Autonomic Dysfunction in the Setting of CADASIL Syndrome

Ricci Allen; Nathan Kostick; Alan Tseng; Igor Sirotkin; Esther Baldinger

doi:10.12788/fp.0249

Autonomic Dysfunction in the Setting of CADASIL Syndrome

Fed Pract. 2022 Apr;39(Suppl 1):S21-S25. doi: 10.12788/fp.0249. Epub 2022 Apr 12.

Authors

Ricci Allen¹, Nathan Kostick¹, Alan Tseng^{2

3}, Igor Sirotkin², Esther Baldinger²

Affiliations

¹ University of Central Florida, College of Medicine, Orlando.
² Bay Pines Veterans Affairs Department of Neurology, Bay Pines, Florida.
³ Nova Southeastern University Dr. Kiran C. Patel College of Osteopathic Medicine, Clearwater, Florida.

Abstract

Background: Cerebral autosomal dominant arteriopathy with subcortical infarcts and leukoencephalopathy (CADASIL) syndrome is the most common monogenic inherited cause of stroke.

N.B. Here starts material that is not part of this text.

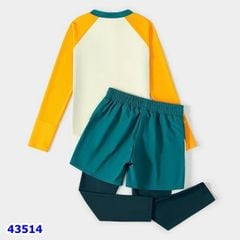Bộ bơi Ylike dài tay vàng - size 170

Case presentation: A female patient aged > 50 years with genetically proven CADASIL syndrome and an extensive stroke/transient ischemic attack (TIA) history experienced a bradycardic episode following hospitalization for new strokelike symptoms. The literature of cardiac involvement in CADASIL syndrome is limited, with no definitive recommendations for surveillance and screening.

Conclusions: This case report postulates that cardiac surveillance and screening may be indicated for patients with CADASIL syndrome.